For the remaining 31% of respondents that lack a marketing program, the primary reasons given for not implementing a public relations campaign are insufficient funding and personnel—not surprising when many departments barely have the resources necessary to deliver essential services. There were some communities that did not feel a need to promote their departments or had never thought about developing marketing programs. Some also felt a lack of interest and support from elected officials.Getting the Word Out
How do public works departments get the word out? Of all respondents using printed marketing materials, 73% distributed brochures, 60% issued newsletters, 60% were featured in a newspaper story or ad, 48% developed handouts, 29% used door hangers, and 23% printed calendars. Most either developed the materials with in-house staff or their staff worked with a commercial designer or printer. The most popular methods of distribution were mailing/hand delivering to citizens and making the materials available for pickup at public locations.
The city of Indianapolis—with a population of approximately 800,000—uses a full spectrum of marketing tools and has developed a brochure to promote their public works department. “Each tool has definite benefits and is useful in different situations and circumstances,” said Margie Smith-Simmons, public information officer for the department of public works in Indianapolis. “However, the promotional brochure is definitely our best piece and provides a great overview of the essential and most requested neighborhood services.”

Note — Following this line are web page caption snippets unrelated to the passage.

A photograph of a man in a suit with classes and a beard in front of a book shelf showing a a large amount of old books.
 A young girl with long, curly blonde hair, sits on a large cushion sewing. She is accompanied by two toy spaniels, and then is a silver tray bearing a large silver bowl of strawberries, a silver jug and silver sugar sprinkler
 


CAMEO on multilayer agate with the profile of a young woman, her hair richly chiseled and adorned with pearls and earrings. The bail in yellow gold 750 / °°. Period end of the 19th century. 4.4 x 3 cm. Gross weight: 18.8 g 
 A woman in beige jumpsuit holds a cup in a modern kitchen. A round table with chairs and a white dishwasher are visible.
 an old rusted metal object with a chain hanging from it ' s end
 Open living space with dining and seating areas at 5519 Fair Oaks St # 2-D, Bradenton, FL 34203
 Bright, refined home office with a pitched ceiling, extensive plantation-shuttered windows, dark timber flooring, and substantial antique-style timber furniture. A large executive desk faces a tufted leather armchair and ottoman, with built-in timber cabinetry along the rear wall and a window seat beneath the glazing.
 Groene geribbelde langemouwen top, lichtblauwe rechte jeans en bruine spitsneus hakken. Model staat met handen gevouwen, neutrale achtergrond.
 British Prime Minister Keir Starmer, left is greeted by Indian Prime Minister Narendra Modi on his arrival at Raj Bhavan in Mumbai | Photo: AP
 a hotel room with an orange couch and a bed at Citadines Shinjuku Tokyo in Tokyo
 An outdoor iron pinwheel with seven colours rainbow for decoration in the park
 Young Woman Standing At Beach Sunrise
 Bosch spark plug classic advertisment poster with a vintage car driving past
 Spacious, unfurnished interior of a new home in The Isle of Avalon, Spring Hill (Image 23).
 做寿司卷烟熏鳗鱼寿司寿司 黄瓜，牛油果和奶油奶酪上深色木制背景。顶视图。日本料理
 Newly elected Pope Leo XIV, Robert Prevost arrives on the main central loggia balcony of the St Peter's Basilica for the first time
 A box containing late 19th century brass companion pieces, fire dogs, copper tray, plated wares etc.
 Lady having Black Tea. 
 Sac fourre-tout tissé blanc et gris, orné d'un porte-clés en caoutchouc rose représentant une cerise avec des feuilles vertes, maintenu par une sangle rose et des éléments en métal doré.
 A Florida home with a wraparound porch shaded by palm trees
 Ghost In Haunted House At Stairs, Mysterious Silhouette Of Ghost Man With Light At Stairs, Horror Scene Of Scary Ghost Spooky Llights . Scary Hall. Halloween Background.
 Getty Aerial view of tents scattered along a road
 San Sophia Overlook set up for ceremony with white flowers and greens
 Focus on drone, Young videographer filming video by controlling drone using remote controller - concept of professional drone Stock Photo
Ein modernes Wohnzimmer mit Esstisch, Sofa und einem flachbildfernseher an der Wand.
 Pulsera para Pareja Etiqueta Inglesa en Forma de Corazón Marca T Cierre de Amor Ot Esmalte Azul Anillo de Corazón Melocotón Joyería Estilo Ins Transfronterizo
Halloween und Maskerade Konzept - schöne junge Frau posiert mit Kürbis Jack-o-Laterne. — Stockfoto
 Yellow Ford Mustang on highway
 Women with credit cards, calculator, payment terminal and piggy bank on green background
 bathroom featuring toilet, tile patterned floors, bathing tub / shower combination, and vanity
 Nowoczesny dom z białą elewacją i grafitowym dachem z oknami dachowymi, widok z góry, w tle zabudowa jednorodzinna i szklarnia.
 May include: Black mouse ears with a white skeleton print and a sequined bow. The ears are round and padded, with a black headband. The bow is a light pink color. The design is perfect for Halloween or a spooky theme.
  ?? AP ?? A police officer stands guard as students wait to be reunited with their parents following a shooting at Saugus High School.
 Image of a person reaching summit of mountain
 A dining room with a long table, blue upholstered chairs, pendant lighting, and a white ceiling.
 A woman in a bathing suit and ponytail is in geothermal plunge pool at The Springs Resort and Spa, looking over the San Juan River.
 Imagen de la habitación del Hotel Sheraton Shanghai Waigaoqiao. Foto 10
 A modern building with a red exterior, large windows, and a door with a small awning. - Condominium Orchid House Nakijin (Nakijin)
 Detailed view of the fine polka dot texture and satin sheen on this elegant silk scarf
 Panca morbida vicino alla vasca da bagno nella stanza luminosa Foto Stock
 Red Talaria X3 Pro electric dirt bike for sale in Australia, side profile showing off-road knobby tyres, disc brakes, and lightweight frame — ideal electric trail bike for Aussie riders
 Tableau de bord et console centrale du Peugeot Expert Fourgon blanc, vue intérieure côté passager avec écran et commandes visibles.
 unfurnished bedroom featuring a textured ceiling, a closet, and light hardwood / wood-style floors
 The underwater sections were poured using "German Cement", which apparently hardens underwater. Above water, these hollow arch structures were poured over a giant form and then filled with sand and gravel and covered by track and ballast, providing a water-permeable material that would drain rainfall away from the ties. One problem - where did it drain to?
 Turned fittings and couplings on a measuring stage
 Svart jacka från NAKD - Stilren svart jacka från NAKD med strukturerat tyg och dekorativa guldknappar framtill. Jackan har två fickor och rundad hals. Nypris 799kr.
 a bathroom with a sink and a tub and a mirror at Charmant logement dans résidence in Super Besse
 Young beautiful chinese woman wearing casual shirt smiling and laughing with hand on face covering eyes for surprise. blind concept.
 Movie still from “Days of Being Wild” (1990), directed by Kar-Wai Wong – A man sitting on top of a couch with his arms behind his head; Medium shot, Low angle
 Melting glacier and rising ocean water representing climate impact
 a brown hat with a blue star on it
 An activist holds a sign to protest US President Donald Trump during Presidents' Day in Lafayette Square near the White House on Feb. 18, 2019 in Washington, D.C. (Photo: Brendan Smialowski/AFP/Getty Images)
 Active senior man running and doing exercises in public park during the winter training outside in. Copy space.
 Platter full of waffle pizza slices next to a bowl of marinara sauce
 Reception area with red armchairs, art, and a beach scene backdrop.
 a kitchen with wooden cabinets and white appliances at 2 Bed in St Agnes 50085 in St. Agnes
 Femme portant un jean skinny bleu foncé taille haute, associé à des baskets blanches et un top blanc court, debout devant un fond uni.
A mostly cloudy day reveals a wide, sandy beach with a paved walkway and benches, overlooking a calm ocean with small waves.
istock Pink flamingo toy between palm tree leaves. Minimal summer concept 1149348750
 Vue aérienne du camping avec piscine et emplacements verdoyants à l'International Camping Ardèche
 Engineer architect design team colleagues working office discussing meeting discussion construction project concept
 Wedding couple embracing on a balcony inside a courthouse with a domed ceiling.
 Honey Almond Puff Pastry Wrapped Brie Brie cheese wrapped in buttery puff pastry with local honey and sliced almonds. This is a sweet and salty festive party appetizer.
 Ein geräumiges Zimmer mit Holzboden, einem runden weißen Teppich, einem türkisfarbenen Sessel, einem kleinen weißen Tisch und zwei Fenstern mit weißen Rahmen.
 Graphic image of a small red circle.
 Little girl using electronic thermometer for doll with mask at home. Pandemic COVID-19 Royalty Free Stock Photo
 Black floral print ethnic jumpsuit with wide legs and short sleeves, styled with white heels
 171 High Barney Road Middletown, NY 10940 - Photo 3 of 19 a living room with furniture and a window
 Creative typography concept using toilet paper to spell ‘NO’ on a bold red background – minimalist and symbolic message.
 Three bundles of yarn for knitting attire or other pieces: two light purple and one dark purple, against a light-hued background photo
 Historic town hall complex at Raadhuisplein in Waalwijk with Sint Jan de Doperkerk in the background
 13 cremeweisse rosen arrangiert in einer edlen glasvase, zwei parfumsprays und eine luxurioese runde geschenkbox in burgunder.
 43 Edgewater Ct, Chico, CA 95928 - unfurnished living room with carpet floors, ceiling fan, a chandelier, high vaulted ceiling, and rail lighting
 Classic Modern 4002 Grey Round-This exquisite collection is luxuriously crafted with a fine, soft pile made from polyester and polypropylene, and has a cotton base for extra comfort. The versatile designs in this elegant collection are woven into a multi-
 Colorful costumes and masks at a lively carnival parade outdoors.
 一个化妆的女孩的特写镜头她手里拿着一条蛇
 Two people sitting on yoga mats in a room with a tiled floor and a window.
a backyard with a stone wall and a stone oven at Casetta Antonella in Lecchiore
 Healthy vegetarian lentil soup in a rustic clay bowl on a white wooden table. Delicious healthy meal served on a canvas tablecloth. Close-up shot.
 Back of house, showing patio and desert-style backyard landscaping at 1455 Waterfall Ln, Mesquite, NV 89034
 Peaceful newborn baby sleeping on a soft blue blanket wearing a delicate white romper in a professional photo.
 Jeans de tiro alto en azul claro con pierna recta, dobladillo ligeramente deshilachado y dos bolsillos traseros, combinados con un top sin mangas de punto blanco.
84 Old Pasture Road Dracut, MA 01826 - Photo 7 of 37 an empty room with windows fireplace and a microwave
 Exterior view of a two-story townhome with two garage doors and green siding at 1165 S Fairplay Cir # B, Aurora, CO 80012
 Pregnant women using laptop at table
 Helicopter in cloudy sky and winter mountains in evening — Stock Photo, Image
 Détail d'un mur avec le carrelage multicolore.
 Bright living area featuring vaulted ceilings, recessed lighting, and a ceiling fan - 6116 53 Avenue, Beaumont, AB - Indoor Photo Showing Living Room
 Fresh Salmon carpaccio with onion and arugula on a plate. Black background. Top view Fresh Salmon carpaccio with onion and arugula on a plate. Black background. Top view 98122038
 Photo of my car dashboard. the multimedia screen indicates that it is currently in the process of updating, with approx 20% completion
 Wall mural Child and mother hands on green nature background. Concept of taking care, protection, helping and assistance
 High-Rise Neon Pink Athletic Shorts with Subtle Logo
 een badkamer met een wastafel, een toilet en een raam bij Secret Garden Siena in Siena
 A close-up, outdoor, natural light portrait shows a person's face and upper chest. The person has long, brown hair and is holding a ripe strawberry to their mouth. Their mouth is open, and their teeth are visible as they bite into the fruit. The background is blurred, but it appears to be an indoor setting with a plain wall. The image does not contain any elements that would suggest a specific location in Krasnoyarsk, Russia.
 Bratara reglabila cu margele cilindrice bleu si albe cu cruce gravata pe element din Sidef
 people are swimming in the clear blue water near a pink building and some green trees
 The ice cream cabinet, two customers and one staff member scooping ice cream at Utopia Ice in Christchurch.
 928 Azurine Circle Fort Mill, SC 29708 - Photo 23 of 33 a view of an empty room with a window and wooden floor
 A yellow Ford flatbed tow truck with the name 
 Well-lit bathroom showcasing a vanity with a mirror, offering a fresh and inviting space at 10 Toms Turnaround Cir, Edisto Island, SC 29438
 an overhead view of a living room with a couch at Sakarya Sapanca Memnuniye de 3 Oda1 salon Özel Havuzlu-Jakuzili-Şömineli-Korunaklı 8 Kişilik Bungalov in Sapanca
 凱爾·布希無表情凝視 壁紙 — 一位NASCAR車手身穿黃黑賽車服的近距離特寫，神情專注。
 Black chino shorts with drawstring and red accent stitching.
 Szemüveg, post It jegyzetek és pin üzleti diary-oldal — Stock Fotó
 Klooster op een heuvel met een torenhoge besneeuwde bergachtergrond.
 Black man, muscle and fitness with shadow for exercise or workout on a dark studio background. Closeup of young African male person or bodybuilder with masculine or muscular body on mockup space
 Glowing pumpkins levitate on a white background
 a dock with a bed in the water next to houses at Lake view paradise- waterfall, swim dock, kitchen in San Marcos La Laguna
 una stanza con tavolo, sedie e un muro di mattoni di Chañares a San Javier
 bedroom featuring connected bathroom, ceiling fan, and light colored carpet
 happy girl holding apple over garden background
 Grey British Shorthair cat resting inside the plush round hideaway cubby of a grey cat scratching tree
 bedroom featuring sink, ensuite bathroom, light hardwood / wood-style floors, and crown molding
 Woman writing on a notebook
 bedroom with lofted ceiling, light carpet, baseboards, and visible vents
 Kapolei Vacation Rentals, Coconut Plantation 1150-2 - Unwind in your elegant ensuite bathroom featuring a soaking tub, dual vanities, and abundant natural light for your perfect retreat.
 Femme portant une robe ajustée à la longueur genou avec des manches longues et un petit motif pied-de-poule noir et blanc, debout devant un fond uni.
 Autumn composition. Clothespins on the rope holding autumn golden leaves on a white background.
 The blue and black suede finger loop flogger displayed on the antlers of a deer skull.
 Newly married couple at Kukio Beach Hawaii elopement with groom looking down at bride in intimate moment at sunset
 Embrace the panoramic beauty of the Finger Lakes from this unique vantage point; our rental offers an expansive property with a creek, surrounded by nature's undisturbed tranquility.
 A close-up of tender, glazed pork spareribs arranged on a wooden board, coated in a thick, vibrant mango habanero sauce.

Indianapolis also distributes an electronic newsletter, water bill inserts promoting new initiatives and public works programs, and topic-specific brochures covering issues related to flood control, winter weather, ozone awareness, downspout disconnection, and sump pumps.
Farther south, the city of North Miami Beach, Fla., has chosen to use the mandated consumer confidence report distribution as an opportunity to reach out to citizens and provide, not only the data required by the U.S. Environmental Protection Agency, but also public works-related information. Using a calendar-based or datebook format, the city produces a high-quality publication with interesting graphics to educate the community about the water cycle, water quality and conservation, department awards, services, proposed projects, and water-related facts.